There were a few more ominous developments alongside these disappointing results. First, the trend toward heavy incentive spending by automakers is starting to look like it may have run its course. Manufacturers throughout last year went deep into their own pockets to subsidize what turned out to be flat sales at best, and for most slightly declining volume.

Mark LaNeve, Ford VP of US Marketing, Sales, and Service, said:

In February, overall Incentive spend for the industry was down $65 year over year, and was down $50 sequentially to January. This is really a change from what we saw most of last year and in fact what we saw most of the last three years when year over year changes in incentive spend were up on average $300 to $400 consistently during that entire time frame.

That may or may not be related to how sales of pickups and other light truck vehicles such as luxury SUV’s have softened after the sales boost following Harvey and Irma. Light trucks are higher margin products, a factor that has helped to a certain extent cushion the industry over the past several years as the labor market has slowed – and auto sales with it.

Overall, it has been the car segment which has been eschewed by consumers, the lower end vehicles that would be in demand by those same workers and potential workers who have become more uneasy about the labor market. The shift in gasoline prices since the oil crash has also rebalanced demand, too, toward light trucks and against smaller more fuel-efficient vehicles.

Mark LaNeve again:

The optimistic view is that people are just waiting for their next generation of trucks. The negative view is that good truck sales are in the rearview mirror.

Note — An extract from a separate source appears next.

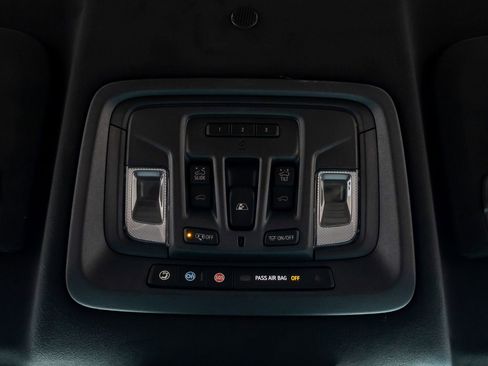 Used 2026 GMC Sierra 3500 Denali Ultimate image 29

Truck sales are for most still higher than they were last summer when sales of everything verged on outright contraction. There is still, however, a clear artificiality to the most recent months following last summer’s tropical eruption.

As for cars, this has to be a multi-faceted issue. The numbers are otherwise staggering; from August 2014 through and including the latest estimates for February 2018, the BEA figures car sales are down by almost one-third. Obviously, light trucks have picked up some of that slack, representing the rebalancing mix, but given that at the margins it hasn’t been enough to keep sales growing suggests a deepening macro divide in addition to gasoline and whatever else.

If truck sales falter here, and car sales continue to slip, then the profit squeeze becomes more and more of a primary rather than background consideration. Maybe manufacturers are content with production at these lower levels if incentives worked especially in the truck space, but profit growth can’t be put off forever.

It’s another major economic drag made out from the primary economic drag – the labor market.

In other words, there isn’t any reasonable expectation that auto sales are about to boom. If there was one, and some manufacturers last fall had expressed vague hopes they were, it was predicated on little more than broken windows. The predicted boost to sales in autos as well as other things as a consequence of storm-destroyed automobiles does not appear to have unleashed an economy-wide shift (the long sought “S” curve of Paul Krugman fame). It was quite often talked about in that way, of course, but it could only ever have been temporary.

Automakers in particular now have to face the prospects of a double downside; sales trends are moving back toward last summer’s weak pre-hurricane baseline to start with, and then comes the negative drag of all those broken windows (and who will eventually pay for them, and it wasn’t ever going to be insurance companies). Throw in questions about manufacturing profits, and downside (economic) risks in 2018 are even more than they ever were in 2017.